:: Task prompt ::
Excluding pictures, what does the listing below contain from the line with "Dodge Intrepid II, 2002 г." up to and including the line with "Striped Flats", word for word?

:: Source material ::
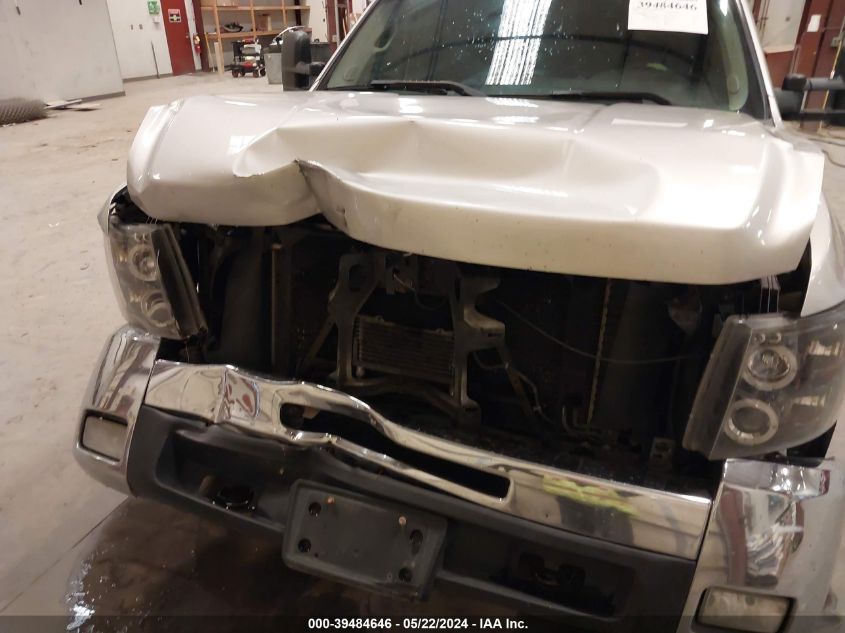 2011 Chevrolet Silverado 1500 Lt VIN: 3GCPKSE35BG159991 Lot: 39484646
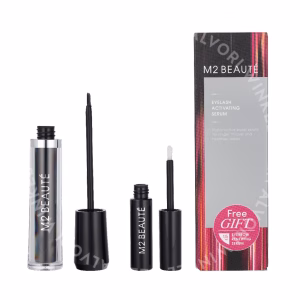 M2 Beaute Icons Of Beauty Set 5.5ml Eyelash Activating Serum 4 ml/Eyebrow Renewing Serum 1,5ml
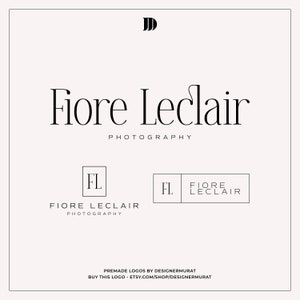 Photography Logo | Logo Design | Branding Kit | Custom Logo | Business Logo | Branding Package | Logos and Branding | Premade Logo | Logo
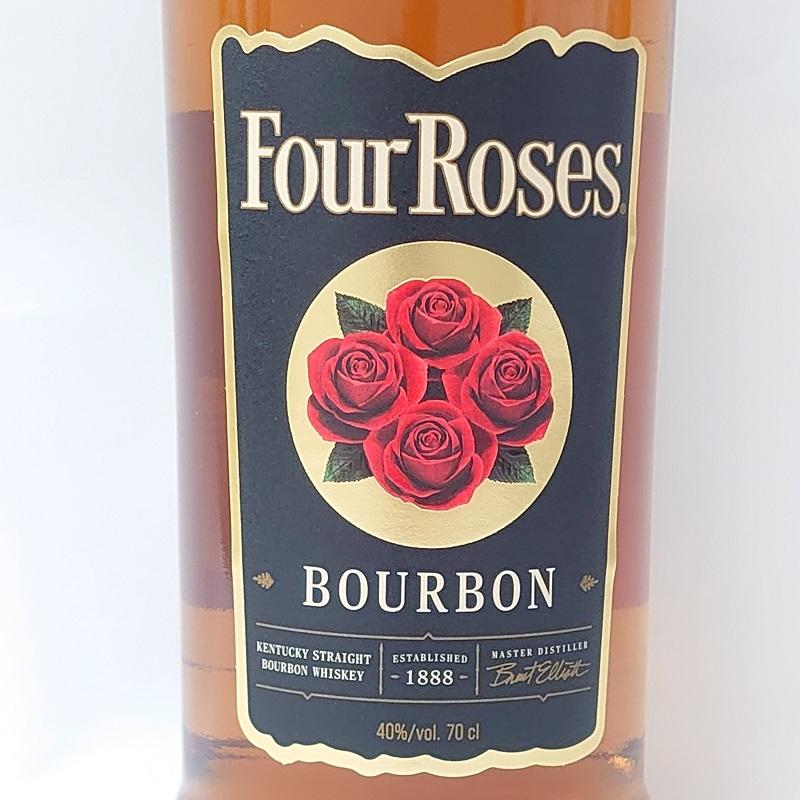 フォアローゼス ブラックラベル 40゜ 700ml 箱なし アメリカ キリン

==

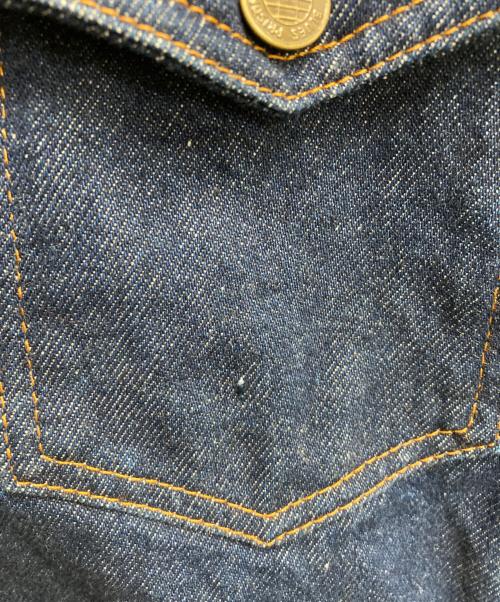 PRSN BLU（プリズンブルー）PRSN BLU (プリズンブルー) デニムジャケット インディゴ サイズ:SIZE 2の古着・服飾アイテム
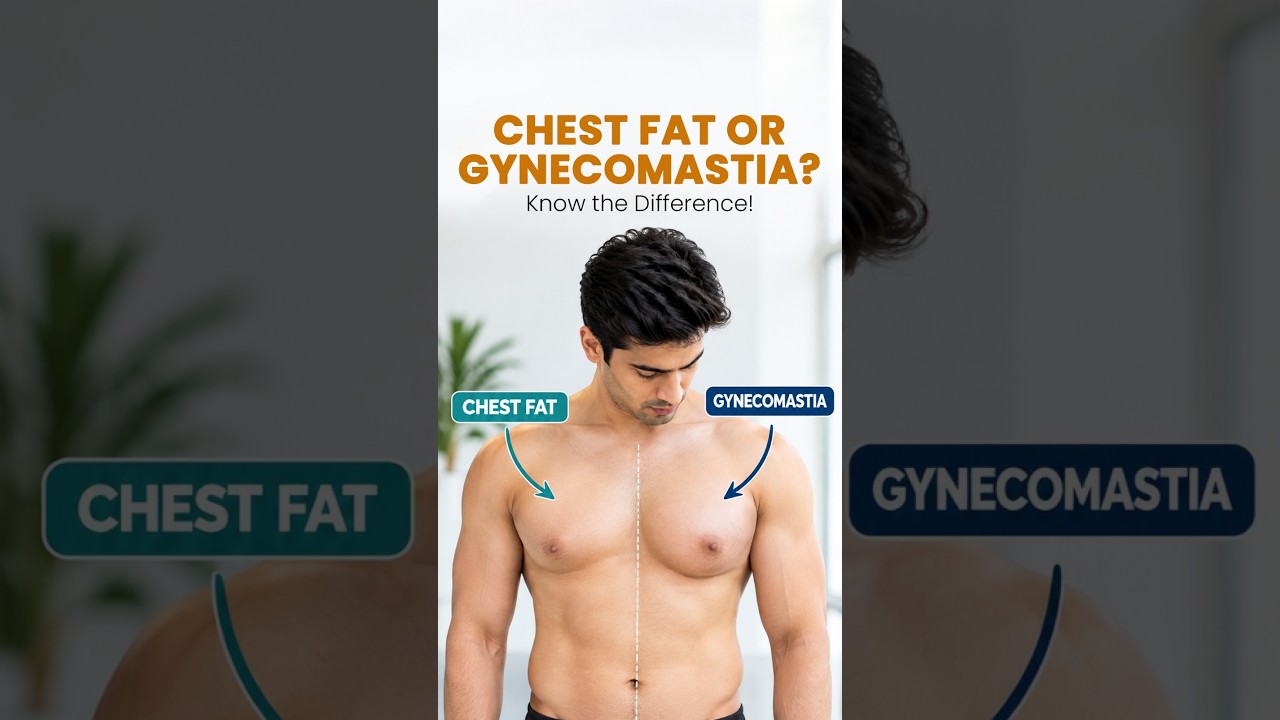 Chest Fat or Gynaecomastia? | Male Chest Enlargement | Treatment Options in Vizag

* * *

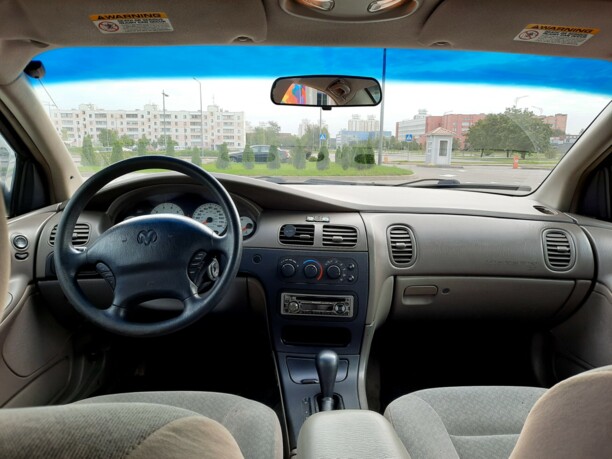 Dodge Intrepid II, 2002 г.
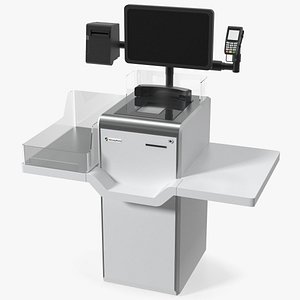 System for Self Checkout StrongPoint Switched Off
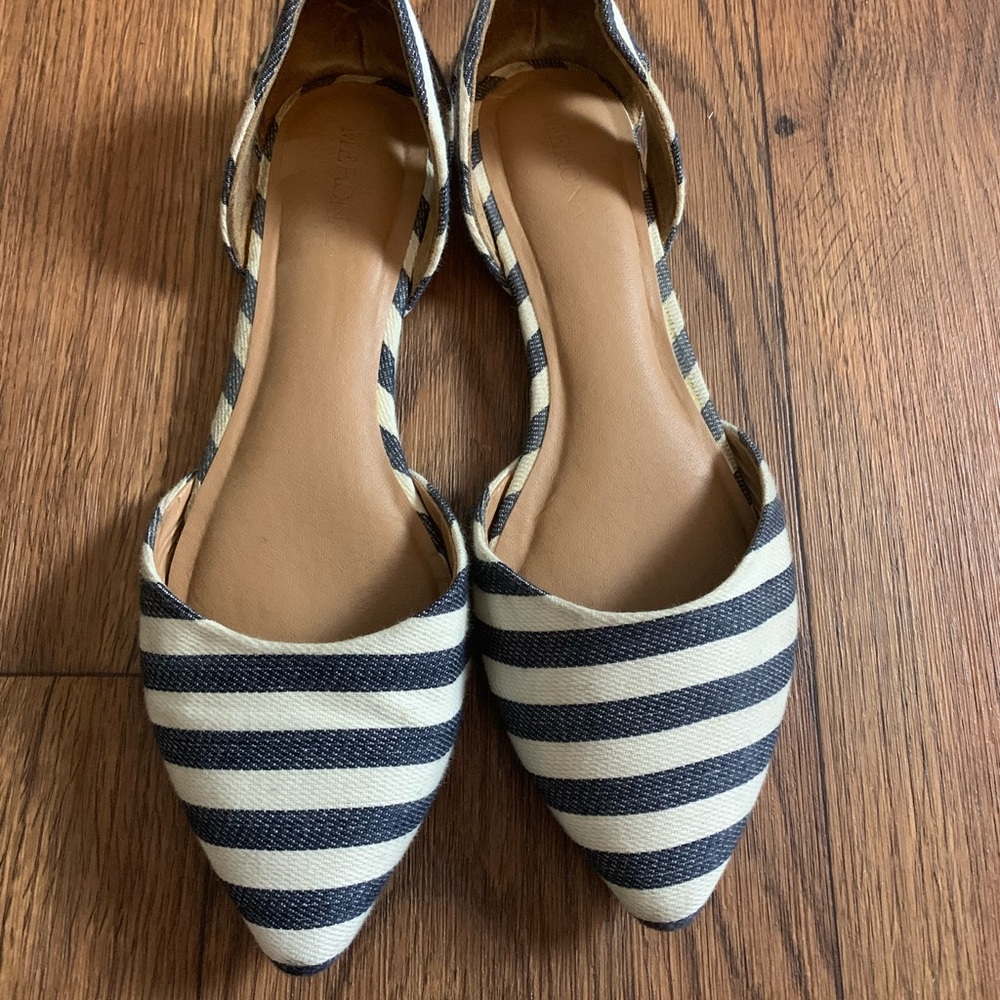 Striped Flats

:: Written response ::
 Dodge Intrepid II, 2002 г.
 System for Self Checkout StrongPoint Switched Off
 Striped Flats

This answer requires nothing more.